Siamo a Parigi nel 1977. Stella ha 11 anni e i suoi genitori sono due giovani proprietari di un bar in un quartiere operaio, passano tutto il tempo lì dentro e anche per Stella è così, al di fuori della scuola. La scuola, appunto. I genitori, non si sa come, sono riusciti ad iscrivere Stella ad un istituto prestigioso in un arrondissement centrale. Stella, dopo le difficoltà iniziali, soprattutto nel relazionarsi con gli altri, visto le estrazioni decisamente differenti, capisce che è una grande opportunità da non sprecare, e insieme all'amicizia di Gladys, sua compagna di classe, ebrea argentina con genitori intellettuali, capirà che la vita le offre orizzonti molto più ampi di quelli definiti dalle pareti del bar.


Sylvie Verheyde ha fatto per lo più film per la tv, e alla luce di questa cosa in effetti, si coglie un qualcosa di televisivo nel film, ma sono solo sensazioni positive: dimostrazione che la tv all'estero è spesso migliore della nostra in Italia. Detto questo, Stella è un film interessante, onesto, ben fatto, ben recitato e ben diretto. La scrittura viene un po' da sé, essendo la trama esile, seppur "di formazione", ma anche questo ci piace. Tutto quello che accade attorno a Stella (a parte la presa di coscienza della possibilità che le offre quella scuola, a livello di "riscatto sociale", nocciolo della storia) non è funzionale, ma descrittivo in modo brutale ma anche poetico. E' la definizione di un mondo, di uno status, al quale Stella capisce di potersi sottrarre con l'istruzione e la cultura, non dimenticando le sue radici. Gli anni '70 sono descritti con leggerezza, attraverso i vestiti, la musica e le sigarette selvagge, la promiscuità sessuale (la famiglia di Stella) da una parte, l'apertura mentale dall'altra (la famiglia di Gladys); non, quindi, in maniera esauriente, ma del resto il film non è politico, ma "sociale", se vogliamo, e sceglie una via non esageratamente cerebrale, bensì semplice, forse meno impegnata, ma piuttosto delicata e perfino toccante.

La scelta dell'uso intenso della voce fuori campo di Stella è rischioso, come sempre, ma paga, alla fine, essendo il personaggio della bambina abbastanza schivo, per cui conoscere il suo pensiero diventa necessario.

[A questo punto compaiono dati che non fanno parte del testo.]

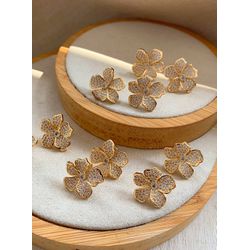 Brinco de flor cravejada - b8581 - Lojas das Revendedoras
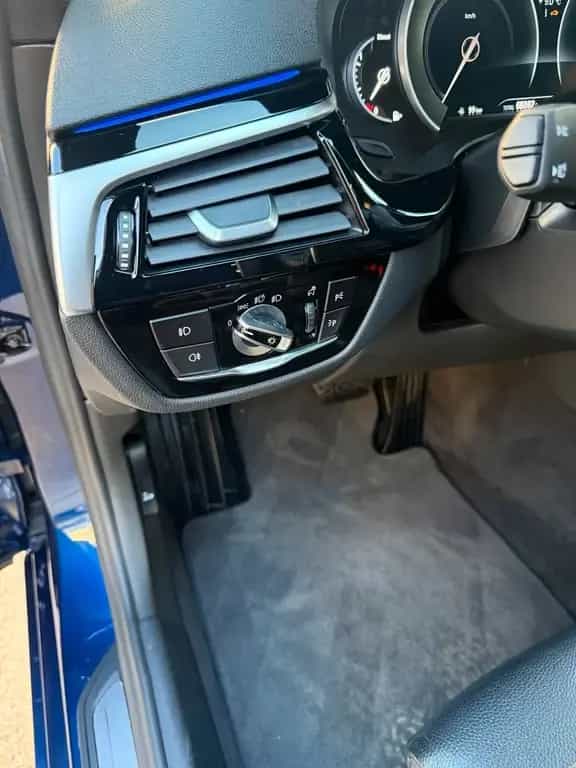 BMW 5 Series 520d Blau 06/2020-photo-14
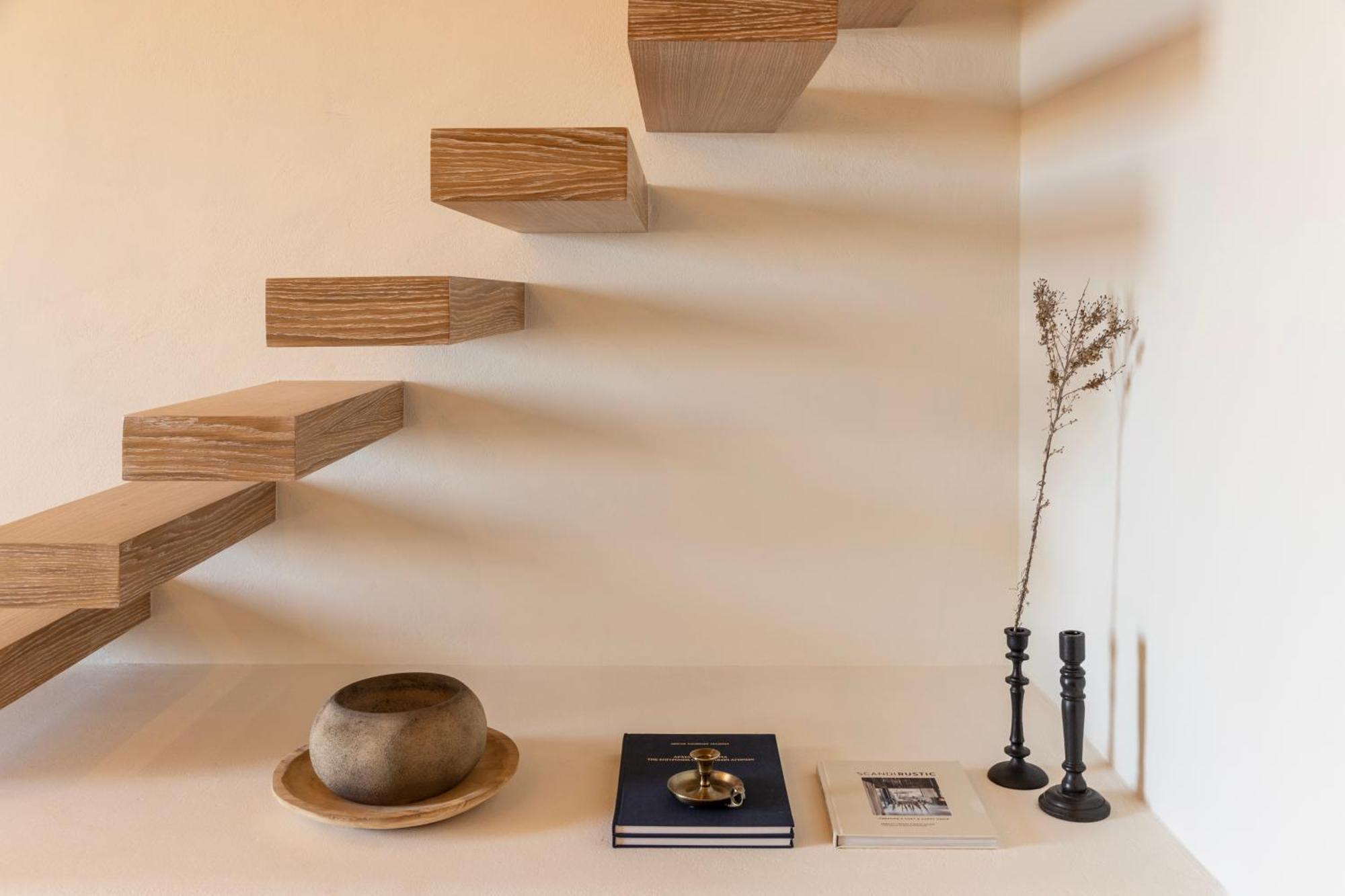 Frescoes Luxury Aparthotel Messaria (Santorini)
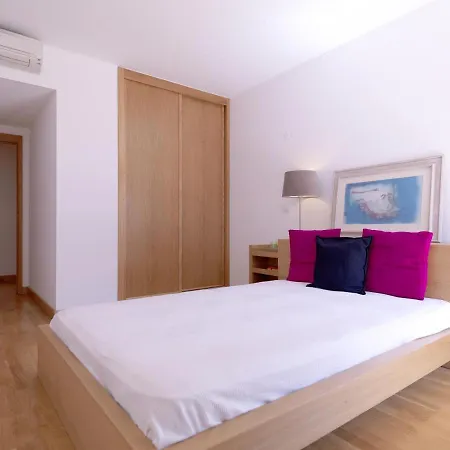 Flh - Restelo Spacious Duplex With View Apartamento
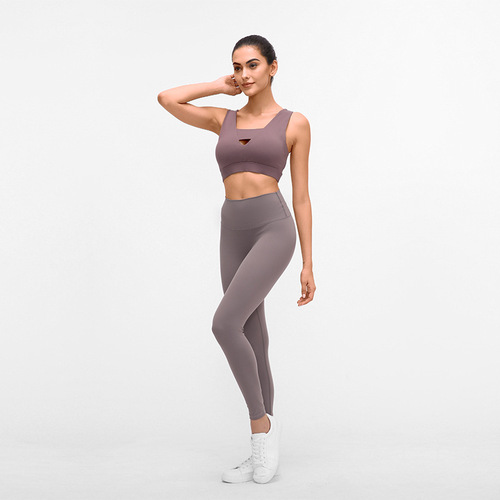 A new model of nude-feeling, skin-friendly and no embarrassing line yoga pants, hip-raising, high-waisted running sports and fitness nine-point pants.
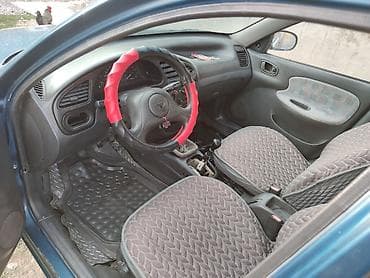 чехии: Daewoo Lanos: 1999 г., 1.5 л, Механика, Бензин, Седан — 6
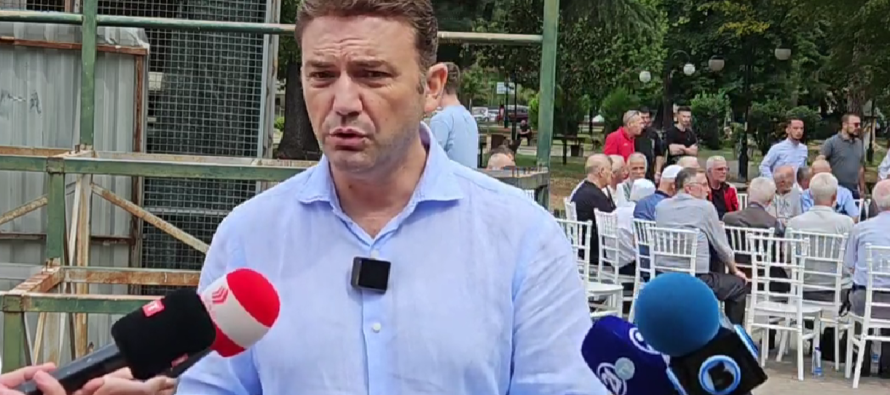 Bujar Osmani: Me njoftime të rreme për kaos, Mickoski i fyen dhe i ndan qytetarët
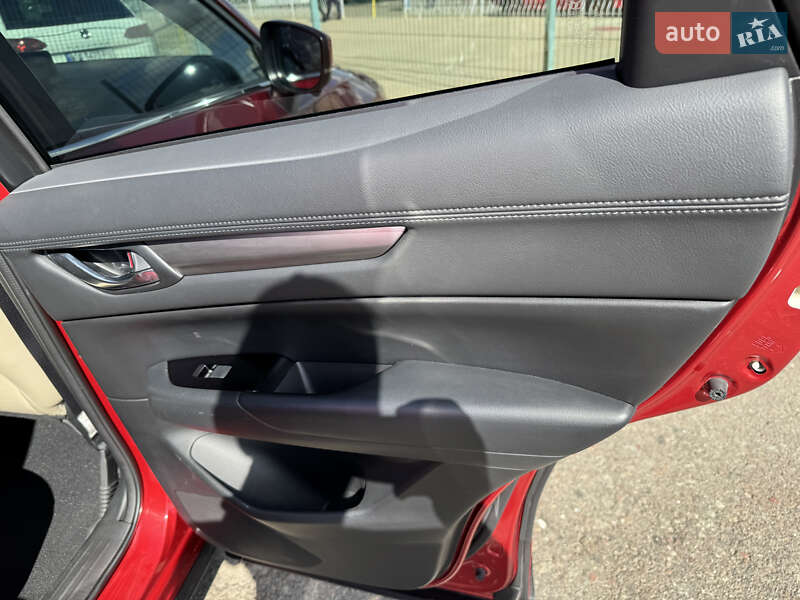 Позашляховик / Кросовер Mazda CX-5 2017 в Києві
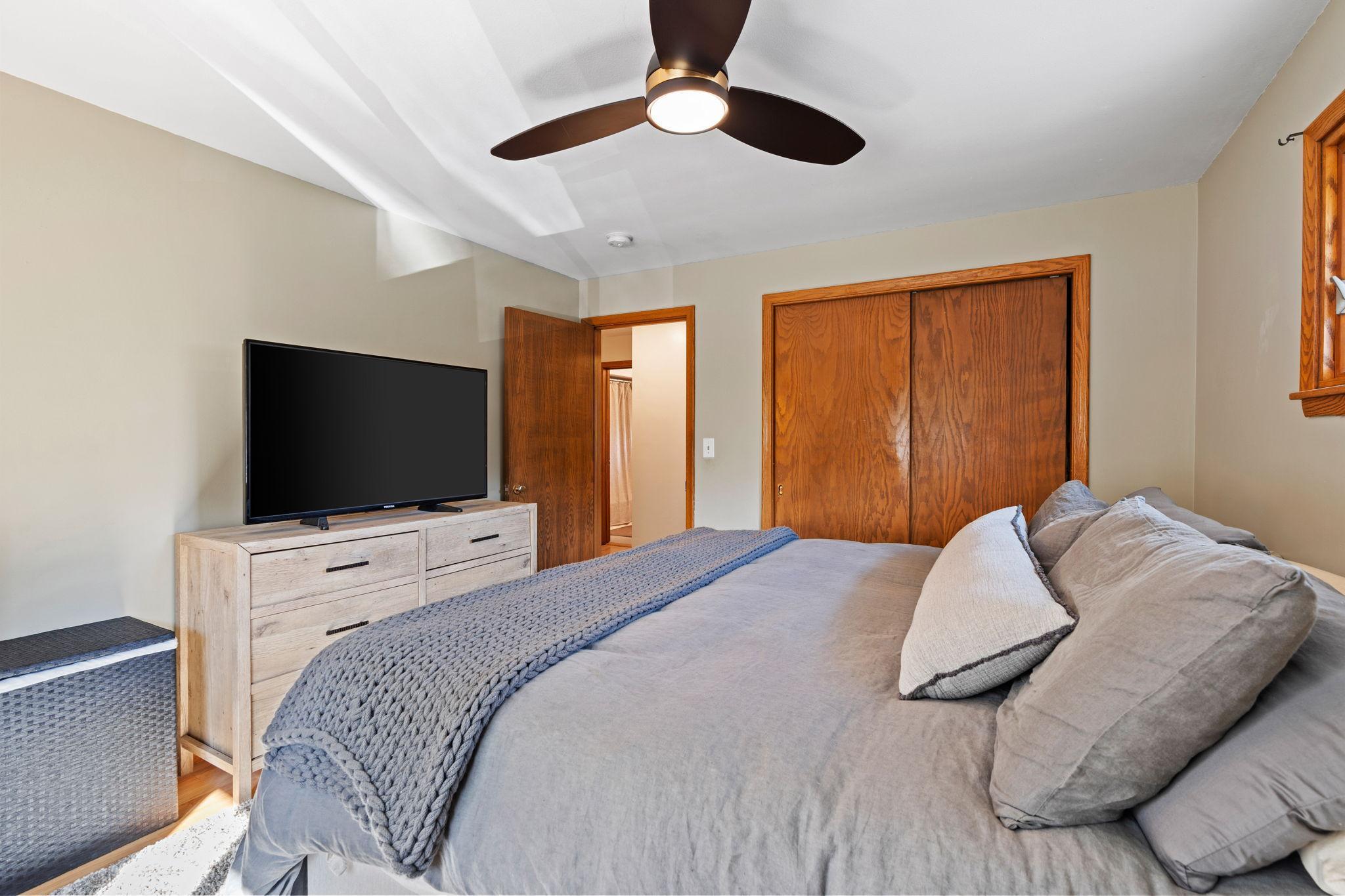 8219 Washburn Avenue S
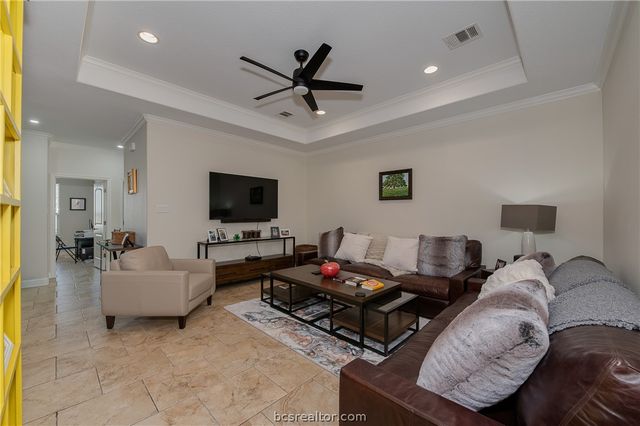 3802 Estes Park, College Station, TX 77845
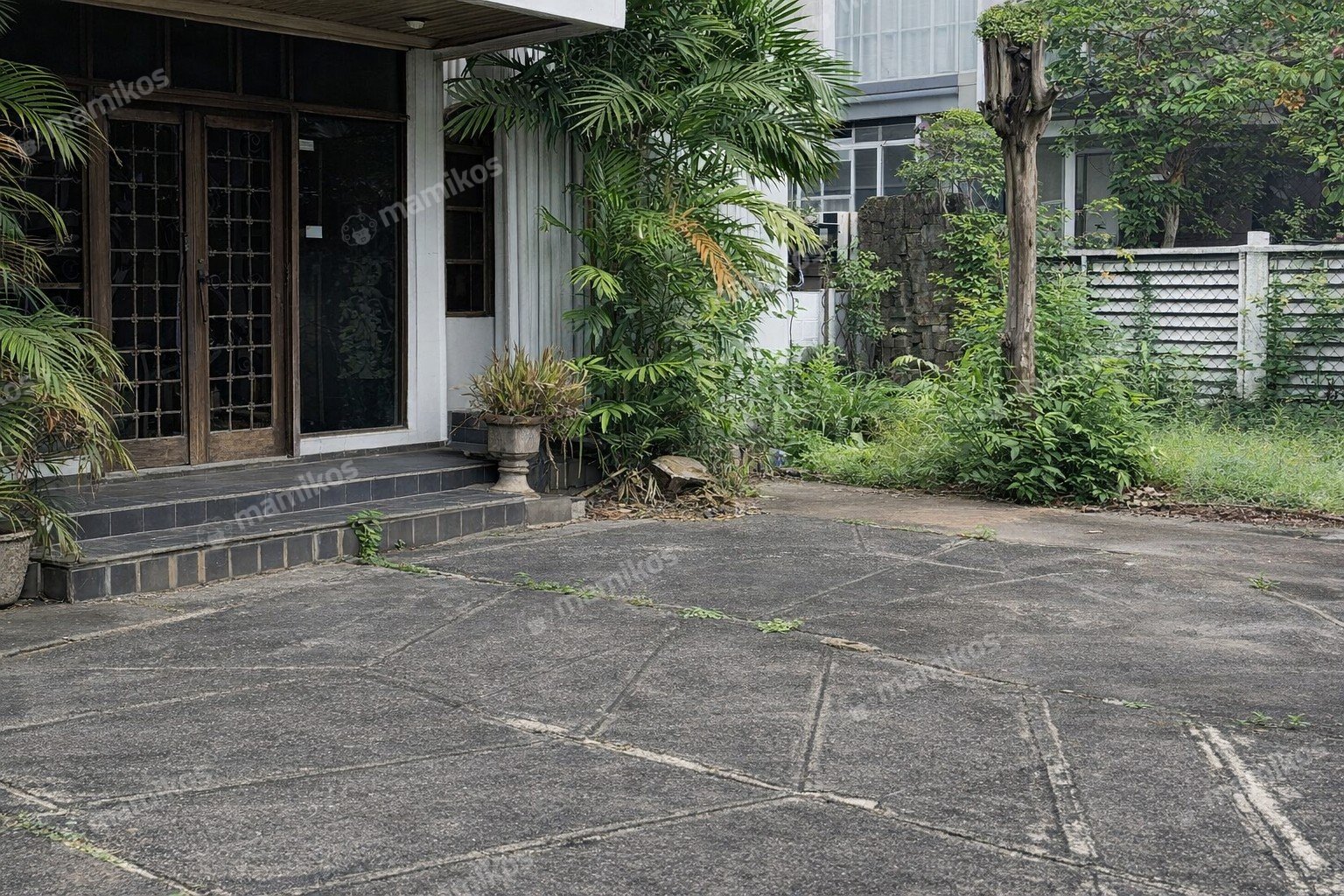 Rumah Sertifikat SHM 6 Kamar Tidur 4 Kamar Mandi Sunrise Garden Jakarta Barat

Volutamente kitsch, raggiunge probabilmente il massimo nella scena alla quale fa da sottofondo (anzi, da protagonista) Ti amo di Umberto Tozzi (sembra quasi una citazione de Il tempo delle mele). Cast buono, tutti piuttosto naturali; nota di merito, purtroppo postuma, a Guillaume Depardieu, nei panni di Alain, un bulletto di quartiere sempre stropicciato, l'unico adulto che riesce ad entrare in sintonia con Stella, figura struggente soprattutto se vista attraverso la lente della realtà (e della fine che ha fatto veramente). Eccellente la prova della protagonista, debuttante, Léora Barbara, da sola vale il prezzo del biglietto.